▶ **Information given**
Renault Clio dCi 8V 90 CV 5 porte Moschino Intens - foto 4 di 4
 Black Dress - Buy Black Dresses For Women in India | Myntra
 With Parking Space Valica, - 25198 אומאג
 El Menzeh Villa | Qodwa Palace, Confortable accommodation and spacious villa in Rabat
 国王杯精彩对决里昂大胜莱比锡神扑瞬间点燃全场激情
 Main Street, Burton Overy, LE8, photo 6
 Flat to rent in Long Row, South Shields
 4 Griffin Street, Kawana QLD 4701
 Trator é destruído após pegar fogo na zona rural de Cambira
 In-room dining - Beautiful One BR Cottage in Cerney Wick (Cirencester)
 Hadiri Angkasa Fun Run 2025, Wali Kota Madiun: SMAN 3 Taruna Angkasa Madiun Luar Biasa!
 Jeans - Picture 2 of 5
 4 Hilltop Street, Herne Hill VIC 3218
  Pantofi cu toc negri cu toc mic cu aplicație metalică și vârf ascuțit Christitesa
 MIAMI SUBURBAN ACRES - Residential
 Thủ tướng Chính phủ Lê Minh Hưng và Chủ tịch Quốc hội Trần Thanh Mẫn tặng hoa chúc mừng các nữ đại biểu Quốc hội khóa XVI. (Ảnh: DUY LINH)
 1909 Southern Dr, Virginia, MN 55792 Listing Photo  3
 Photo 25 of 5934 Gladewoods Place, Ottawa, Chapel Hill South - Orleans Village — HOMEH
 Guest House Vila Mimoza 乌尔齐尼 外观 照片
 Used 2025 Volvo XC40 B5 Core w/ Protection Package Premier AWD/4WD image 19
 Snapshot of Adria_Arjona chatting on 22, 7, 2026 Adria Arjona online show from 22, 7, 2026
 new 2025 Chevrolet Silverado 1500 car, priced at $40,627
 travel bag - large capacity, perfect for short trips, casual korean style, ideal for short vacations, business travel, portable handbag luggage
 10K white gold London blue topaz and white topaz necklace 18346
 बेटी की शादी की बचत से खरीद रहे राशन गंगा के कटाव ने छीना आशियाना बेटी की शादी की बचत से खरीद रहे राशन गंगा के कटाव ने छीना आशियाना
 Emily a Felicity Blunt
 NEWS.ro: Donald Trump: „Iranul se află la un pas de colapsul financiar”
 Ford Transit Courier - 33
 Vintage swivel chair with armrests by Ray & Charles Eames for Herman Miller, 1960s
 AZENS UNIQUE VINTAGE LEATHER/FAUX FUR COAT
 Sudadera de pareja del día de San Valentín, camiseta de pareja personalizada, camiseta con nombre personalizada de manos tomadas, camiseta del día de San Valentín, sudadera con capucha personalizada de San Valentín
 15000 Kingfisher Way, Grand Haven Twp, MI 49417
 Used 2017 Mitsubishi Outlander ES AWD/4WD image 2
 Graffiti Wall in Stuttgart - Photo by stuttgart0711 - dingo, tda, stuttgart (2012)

▶ **To do**
Reproduce, word for word, the line containing "Sudadera de pareja" along with every later line of the listing, and leave out all earlier lines.

▶ **Solution for this task**
 Sudadera de pareja del día de San Valentín, camiseta de pareja personalizada, camiseta con nombre personalizada de manos tomadas, camiseta del día de San Valentín, sudadera con capucha personalizada de San Valentín
 15000 Kingfisher Way, Grand Haven Twp, MI 49417
 Used 2017 Mitsubishi Outlander ES AWD/4WD image 2
 Graffiti Wall in Stuttgart - Photo by stuttgart0711 - dingo, tda, stuttgart (2012)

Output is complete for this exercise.